Первый шаг в преодолении страха – простое открытие многообразия, разноплановости бытия, открытие другого. В мире Чехова люди часто не подозревают друг о друге: жизнь и смерть, печаль и радость сосуществуют, не отменяя и не опровергая друг друга. Так, выяснение отношений между отцом и сыном в рассказе «Дома» предваряется неслучайным описанием: «Был девятый час вечера. Наверху, за потолком, во втором этаже кто-то ходил из угла в угол, а еще выше, на третьем этаже, четыре руки играли гаммы. Шаганье человека, который, судя по нервной походке, о чем-то мучительно думал или же страдал зубной болью, и монотонные гаммы придавали тишине вечера что-то дремотное, располагающее к ленивым думам. Через две комнаты в детской разговаривали гувернантка и Сережа».

В рассказе «В сарае» (1887) люди мирно играют в карты, поглядывая на дом напротив, где произошло самоубийство.

Сходный по функции и настроению эпизод есть в «Почте». Потерявший надежду на общение студент «сонно и хмуро поглядел на завешанные окна усадьбы, мимо которой проезжала тройка. За окнами, подумал он, вероятно, спят люди самым крепким, утренним сном и не слышат почтовых звонков, не ощущают холода, не видят злого лица почтальона; а если разбудит колокольчик какую-нибудь барышню, то она повернется на другой бок, улыбнется от избытка тепла и покоя и, поджав ноги, положив руки под щеку, заснет еще крепче».

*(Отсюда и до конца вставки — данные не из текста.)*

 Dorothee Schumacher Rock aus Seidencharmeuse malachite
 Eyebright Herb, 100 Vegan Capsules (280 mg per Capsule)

В «Счастье» (1887) мир будет увиден с иной, более высокой точки зрения и уже не героем, а самим повествователем. За спинами тоскующих, вздыхающих о прошлом людей возникнет второй план, потом третий – бесконечное пространство, простор, внушающий уже не страх, а надежду. «Солнце еще не взошло, но уже были видны все курганы и далекая, похожая на облако, Саур-Могила с остроконечной верхушкой. Если взобраться на эту Могилу, то с нее видна равнина, такая же ровная и безграничная, как небо, видны барские усадьбы, хутора немцев и молокан, деревни, а дальнозоркий калмык увидит даже город и поезда железных дорог. Только отсюда и видно, что на этом свете, кроме молчаливой степи и вековых курганов, есть другая жизнь, которой нет дела до зарытого счастья и овечьих мыслей».

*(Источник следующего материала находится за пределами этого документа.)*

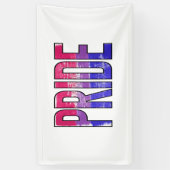 Biseksueel trots woord spandoek (Verticaal)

В рассказе «По делам службы» (1898) кончает с собой неврастеник Листницкий. В этом самоубийстве следователь находит нечто симптоматичное, даже обнадеживающее: «Прежний так называемый порядочный человек стрелялся оттого, что казенные деньги растратил, а теперешний – жизнь надоела, тоска…»

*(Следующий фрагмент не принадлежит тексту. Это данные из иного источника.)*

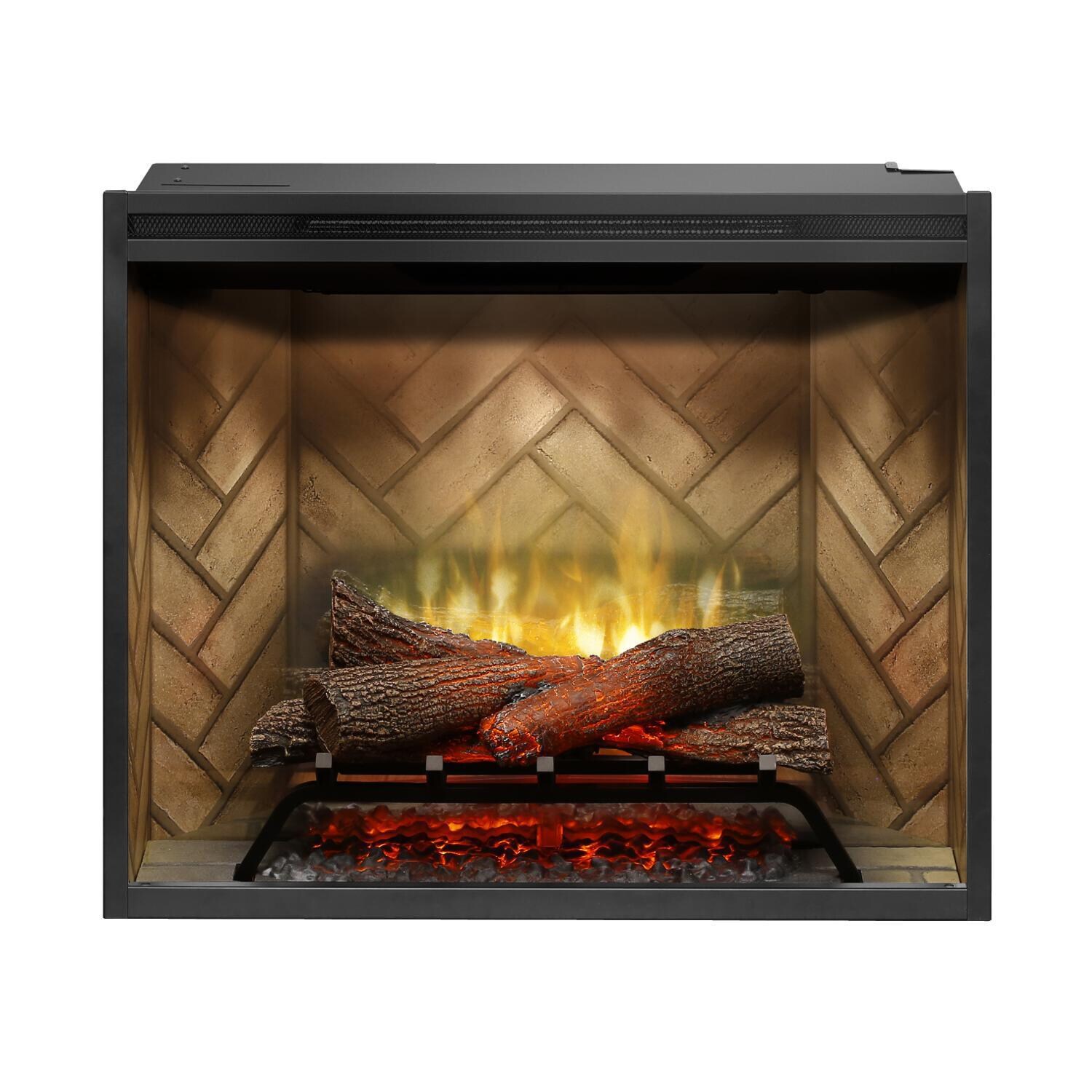 Dimplex - RBF30 - Revillusion 30-Inch Built-In Electric Firebox - Front View - Red thumbnail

А потом, после ночного кошмара, он сам попадает в атмосферу нервности, душевного неблагополучия и чувствует муки совести без вины виноватого. «И теперь, когда у Лыжина сильно билось сердце и он сидел в постели, охватив голову руками, ему казалось, что у этого страхового агента и у сотского в самом деле есть нечто общее в жизни. ‹…› И он чувствовал, что это самоубийство и мужицкое горе лежат и на его совести; мириться с тем, что эти люди, покорные своему жребию, взвалили на себя самое тяжелое и темное в жизни, – как это ужасно!»